Por Juan Manuel de Prada
Hace unas semanas, el diputado Gabriel Rufián, para mofarse de los representantes de alguna facción adversa a los que identificó como católicos, afirmó consecutivamente: «Por lo tanto, ustedes creen en serpientes que hablan, en palomas que embarazan, que las mujeres salen de una costilla y que si nos portamos mal llegará una lluvia de fuego y nos quemará». Esta expansión rufianesca fue después glosada con pesadumbre en diversos ámbitos católicos, que sin embargo no supieron extraer las muy jugosas y esperanzadas enseñanzas que suministra.
Salta a la vista que el diputado Rufián tiene una visión completamente estrafalaria de la fe cristiana. Una visión muy parecida a la que tenían los paganos de las épocas más decadentes del Imperio romano, que habían oído que los cristianos adoraban a un Dios Niño y también que en sus ceremonias comulgaban el cuerpo y la sangre de ese Dios; por lo que concluyeron que los cristianos descuartizaban niños y practicaban el canibalismo. Estas mistificaciones delirantes serían el detonante de persecuciones crudelísimas, por lo que los padres de la Iglesia empezaron a recomendar a los fieles el cultivo de la ‘disciplina del arcano’, mediante la cual se ocultaba cuidadosamente a los paganos el conocimiento de los misterios y verdades de la fe, en cumplimiento del consejo evangélico (Mt 7, 6): «No deis a los perros lo que es santo, ni echéis vuestras perlas delante de los puercos, no sea que las pisoteen con sus patas, y después, volviéndose, os despedacen». Ciertamente, en esta fase democrática de la Historia los puercos todavía no se han animado a despedazar a los católicos, pero cada vez se muestran más feroces en su empeño por condenarlos a la muerte civil. Así que tal vez los católicos deberían empezar a utilizar esta ‘disciplina del arcano’ entre paganos (que ahora son más bien apóstatas, y por lo tanto mucho más hostiles y espumajeantes de odio religioso), hablando en términos oscuros o ininteligibles sobre determinadas cuestiones, o bien eludiendo la respuesta, cuando detecten que los interpelan con intenciones capciosas o malignas.
Pero no debe interpretarse esta recomendación de la ‘disciplina del arcano’ como un rasgo de pesimismo por mi parte. Por el contrario, la época en que los cristianos se acogieron a esta práctica fue precisamente en vísperas de la más triunfante expansión del cristianismo. Aquellos paganos que pensaban que los cristianos descuartizaban niños y se los zampaban eran una patulea que había dimitido del logos, una chusma putrescente que se revolcaba sobre las ruinas de una civilización portentosa (que el cristianismo, a la postre, salvaría), mientras practicaba con frenesí sus aberraciones.
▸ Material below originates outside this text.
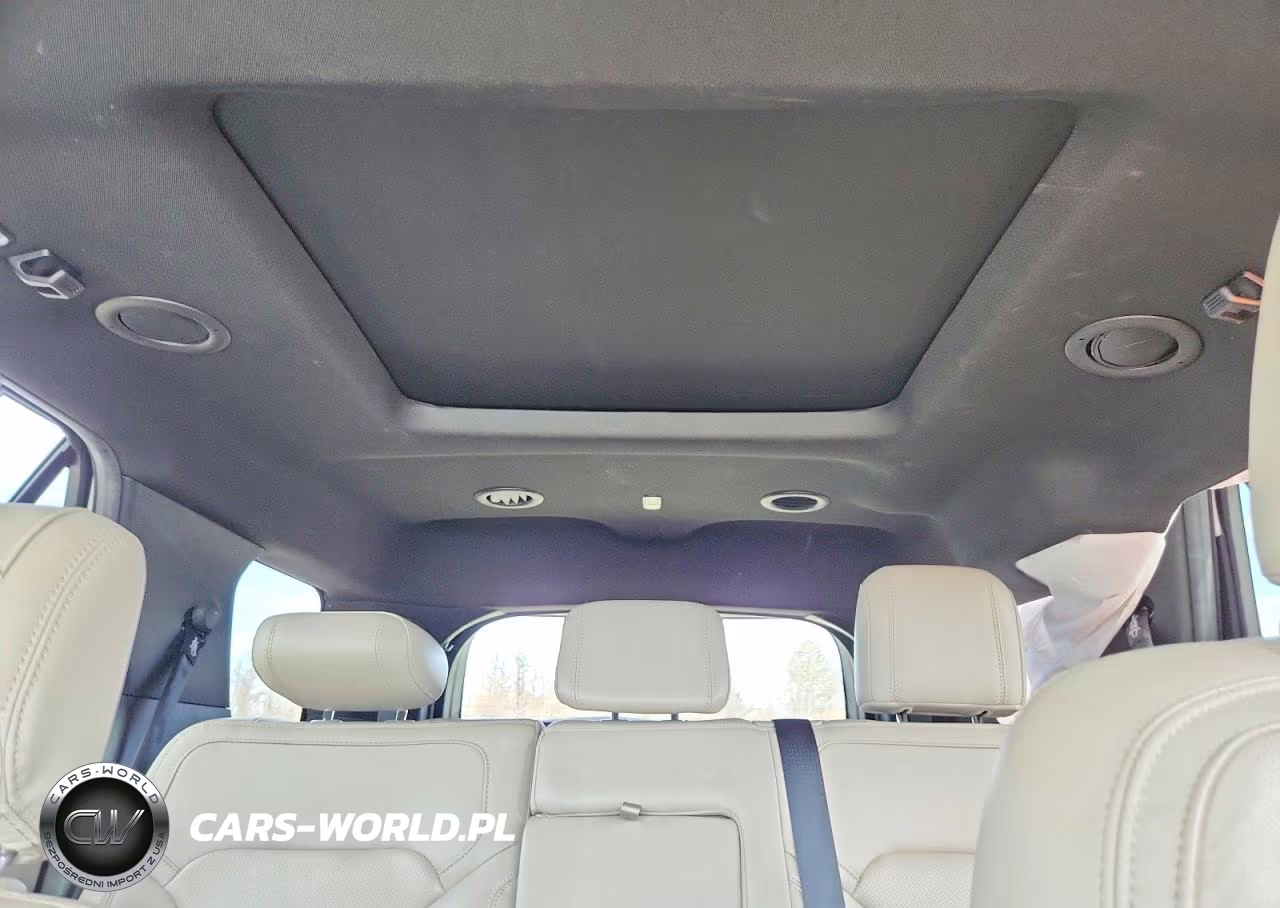 2018 Ford Explorer Limited VIN:1FM5K8F86JGB73831 - 10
Una época terminal, en fin, muy semejante a la nuestra, en la que el derrumbe de la razón es más estrepitoso que nunca; y donde los católicos pronto podremos dedicarnos abnegadamente a la limpieza y restauración de un paisaje derruido y hediondo, regado de vómitos y defecaciones. Tan sólo hay que tener una paciencia que dure unas pocas generaciones.
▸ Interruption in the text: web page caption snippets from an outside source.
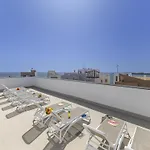Coastal Arinaga With Solarium Διαμέρισμα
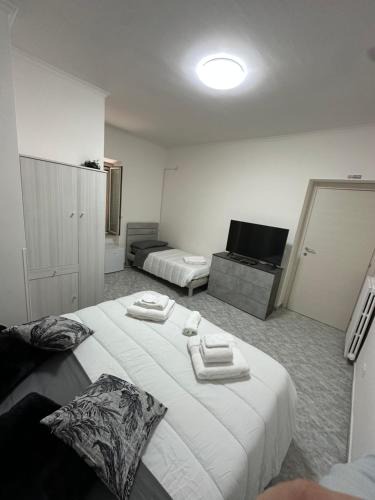 Anzio Bed & Breakfast | Eden Affittacamere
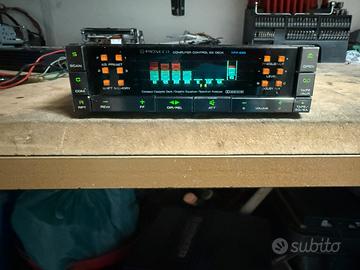 Pioneer kpx 999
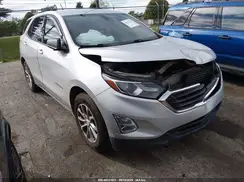 2GNAXHEV8K6128829 2019 CHEVROLET EQUINOX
Pero la burla ufana del diputado Rufián contiene otro signo de esperanza todavía mayor. Es la burla propia de una persona que no distingue el sentido del lenguaje figurado, que no entiende el valor de la poesía. Y Cristo, como nos enseña Oscar Wilde, fue ante todo un poeta de imaginación «intensa y flamígera» que supo hacer de «su vida entera el más maravilloso de los poemas». Para entender la belleza de esa vida y la luz radiante que arroja sobre las nuestras hay que tener un espíritu y un temple poético que aúne el estremecimiento más hondo (serpientes que hablan) y la dulzura más cándida (palomas que embarazan), la magia discreta de un encantamiento (mujeres que nacen de una costilla) y el aliento brioso de una tragedia griega (lluvias de fuego que queman). Sólo con un espíritu poético se puede seguir a aquel Cristo que hablaba con parábolas tan subyugadoras que quienes lo escuchaban se olvidaban de su hambre, de su sed y de las preocupaciones mostrencas de este mundo. Y esas personas inundadas de poesía derrotaron a todo un Imperio con su estilo de vida, a la vez sobrio y apasionado, a la vez sufrido y esperanzado, que acabó rindiendo a una generación sin pasión ni sobriedad que había perdido la capacidad para resucitar la esperanza y soportar el sufrimiento.
Ciertamente, aquellos paganos terminales primero quisieron despedazar a los cristianos (del mismo modo que hoy los apóstatas furiosos se burlan de ellos), pero acabaron rindiéndose, como siempre se rinde lo que es de naturaleza inferior ante lo que es de naturaleza superior. Pronto llegará el momento de levantar las ruinas y de limpiar el vómito; entretanto, paciencia y ‘disciplina del arcano’.